Collected data entries
------

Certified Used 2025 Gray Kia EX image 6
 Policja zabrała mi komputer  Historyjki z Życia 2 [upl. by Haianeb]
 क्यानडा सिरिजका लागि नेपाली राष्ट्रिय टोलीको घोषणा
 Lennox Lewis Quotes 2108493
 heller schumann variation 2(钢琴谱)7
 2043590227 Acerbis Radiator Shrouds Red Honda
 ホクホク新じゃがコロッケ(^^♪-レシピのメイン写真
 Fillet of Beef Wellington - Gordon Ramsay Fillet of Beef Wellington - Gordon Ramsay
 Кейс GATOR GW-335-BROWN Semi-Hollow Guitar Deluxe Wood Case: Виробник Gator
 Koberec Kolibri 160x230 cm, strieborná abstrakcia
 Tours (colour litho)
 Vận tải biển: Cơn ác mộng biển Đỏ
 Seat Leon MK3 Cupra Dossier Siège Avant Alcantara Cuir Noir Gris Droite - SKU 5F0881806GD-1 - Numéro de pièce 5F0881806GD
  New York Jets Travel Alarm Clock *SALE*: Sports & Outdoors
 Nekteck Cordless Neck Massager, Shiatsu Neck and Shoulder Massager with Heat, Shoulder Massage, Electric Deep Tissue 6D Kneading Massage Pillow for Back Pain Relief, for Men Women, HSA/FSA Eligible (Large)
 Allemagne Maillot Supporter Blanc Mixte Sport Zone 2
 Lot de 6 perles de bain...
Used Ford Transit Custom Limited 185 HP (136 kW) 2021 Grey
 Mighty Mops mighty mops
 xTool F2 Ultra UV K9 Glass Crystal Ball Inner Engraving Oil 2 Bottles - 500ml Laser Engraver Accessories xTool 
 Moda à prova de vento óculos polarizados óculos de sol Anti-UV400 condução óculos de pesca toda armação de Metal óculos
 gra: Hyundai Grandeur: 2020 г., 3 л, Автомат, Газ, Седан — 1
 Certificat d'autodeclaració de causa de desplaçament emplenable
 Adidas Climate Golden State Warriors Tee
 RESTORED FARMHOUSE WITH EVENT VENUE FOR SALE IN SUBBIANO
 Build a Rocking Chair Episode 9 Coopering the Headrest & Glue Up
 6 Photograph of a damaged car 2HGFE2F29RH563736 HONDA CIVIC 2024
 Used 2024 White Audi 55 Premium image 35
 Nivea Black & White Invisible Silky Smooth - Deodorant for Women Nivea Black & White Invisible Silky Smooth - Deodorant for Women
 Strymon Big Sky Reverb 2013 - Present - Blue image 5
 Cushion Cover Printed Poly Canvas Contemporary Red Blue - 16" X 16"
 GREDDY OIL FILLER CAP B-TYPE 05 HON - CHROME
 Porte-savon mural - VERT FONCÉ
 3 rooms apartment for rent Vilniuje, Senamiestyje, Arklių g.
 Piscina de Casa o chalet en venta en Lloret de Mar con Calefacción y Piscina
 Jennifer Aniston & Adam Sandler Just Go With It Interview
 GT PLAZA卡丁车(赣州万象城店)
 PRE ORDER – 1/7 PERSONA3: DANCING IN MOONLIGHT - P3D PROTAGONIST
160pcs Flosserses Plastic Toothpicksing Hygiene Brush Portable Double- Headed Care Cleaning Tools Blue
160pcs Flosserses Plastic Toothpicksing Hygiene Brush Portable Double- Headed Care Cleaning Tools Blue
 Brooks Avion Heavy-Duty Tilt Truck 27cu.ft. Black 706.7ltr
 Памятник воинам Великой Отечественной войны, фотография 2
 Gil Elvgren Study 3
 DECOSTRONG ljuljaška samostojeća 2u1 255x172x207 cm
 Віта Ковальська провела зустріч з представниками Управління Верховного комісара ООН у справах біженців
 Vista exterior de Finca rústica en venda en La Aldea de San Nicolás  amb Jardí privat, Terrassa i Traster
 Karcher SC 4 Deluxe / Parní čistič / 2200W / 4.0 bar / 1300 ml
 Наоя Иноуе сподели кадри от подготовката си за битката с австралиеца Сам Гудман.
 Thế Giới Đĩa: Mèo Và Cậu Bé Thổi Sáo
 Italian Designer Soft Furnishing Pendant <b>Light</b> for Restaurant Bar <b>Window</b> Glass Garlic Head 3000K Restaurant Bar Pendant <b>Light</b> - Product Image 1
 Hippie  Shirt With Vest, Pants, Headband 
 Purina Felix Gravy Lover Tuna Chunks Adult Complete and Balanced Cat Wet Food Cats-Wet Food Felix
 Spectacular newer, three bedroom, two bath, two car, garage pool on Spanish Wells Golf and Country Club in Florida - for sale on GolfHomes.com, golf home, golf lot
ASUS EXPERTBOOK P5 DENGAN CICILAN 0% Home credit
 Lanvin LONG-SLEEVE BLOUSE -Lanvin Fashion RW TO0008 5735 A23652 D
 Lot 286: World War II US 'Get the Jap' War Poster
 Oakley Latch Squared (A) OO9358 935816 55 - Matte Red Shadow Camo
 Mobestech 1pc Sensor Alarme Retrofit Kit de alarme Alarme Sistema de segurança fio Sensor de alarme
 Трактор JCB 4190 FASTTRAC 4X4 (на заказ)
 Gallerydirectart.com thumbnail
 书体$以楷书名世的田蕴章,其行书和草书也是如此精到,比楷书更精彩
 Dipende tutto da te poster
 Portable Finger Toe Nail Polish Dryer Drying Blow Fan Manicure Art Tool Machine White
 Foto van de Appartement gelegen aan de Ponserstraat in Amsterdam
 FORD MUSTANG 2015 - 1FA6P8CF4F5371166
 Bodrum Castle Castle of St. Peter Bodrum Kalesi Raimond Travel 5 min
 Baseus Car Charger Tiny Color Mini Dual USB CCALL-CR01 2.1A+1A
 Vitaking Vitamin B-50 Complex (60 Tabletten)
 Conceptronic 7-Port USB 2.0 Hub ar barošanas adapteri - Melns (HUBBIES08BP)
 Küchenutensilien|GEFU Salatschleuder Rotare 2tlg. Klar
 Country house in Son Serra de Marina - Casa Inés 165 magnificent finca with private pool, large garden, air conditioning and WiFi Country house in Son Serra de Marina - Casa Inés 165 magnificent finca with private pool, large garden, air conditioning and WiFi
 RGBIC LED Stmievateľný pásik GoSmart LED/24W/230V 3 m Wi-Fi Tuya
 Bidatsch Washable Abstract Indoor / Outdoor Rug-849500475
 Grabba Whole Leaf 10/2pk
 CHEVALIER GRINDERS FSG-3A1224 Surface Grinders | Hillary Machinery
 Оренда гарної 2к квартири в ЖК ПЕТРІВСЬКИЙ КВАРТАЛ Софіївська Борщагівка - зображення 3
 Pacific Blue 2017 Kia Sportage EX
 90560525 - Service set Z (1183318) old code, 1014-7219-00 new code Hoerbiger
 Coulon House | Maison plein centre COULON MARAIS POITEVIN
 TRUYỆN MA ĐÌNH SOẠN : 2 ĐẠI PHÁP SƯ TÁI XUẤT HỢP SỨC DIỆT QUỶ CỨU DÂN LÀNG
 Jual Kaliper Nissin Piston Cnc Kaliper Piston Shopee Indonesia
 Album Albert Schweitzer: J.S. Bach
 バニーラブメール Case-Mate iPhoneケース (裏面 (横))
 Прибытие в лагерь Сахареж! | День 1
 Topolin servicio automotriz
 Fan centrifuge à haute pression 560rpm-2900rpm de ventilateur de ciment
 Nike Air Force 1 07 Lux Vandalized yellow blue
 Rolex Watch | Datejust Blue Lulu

------

Task to complete ▸
There is a run of lines above from the one with "Наоя Иноуе сподели" to the one with "Italian Designer Soft"; print exactly that run, both ends included, and nothing else.

Task output ▸
 Наоя Иноуе сподели кадри от подготовката си за битката с австралиеца Сам Гудман.
 Thế Giới Đĩa: Mèo Và Cậu Bé Thổi Sáo
 Italian Designer Soft Furnishing Pendant <b>Light</b> for Restaurant Bar <b>Window</b> Glass Garlic Head 3000K Restaurant Bar Pendant <b>Light</b> - Product Image 1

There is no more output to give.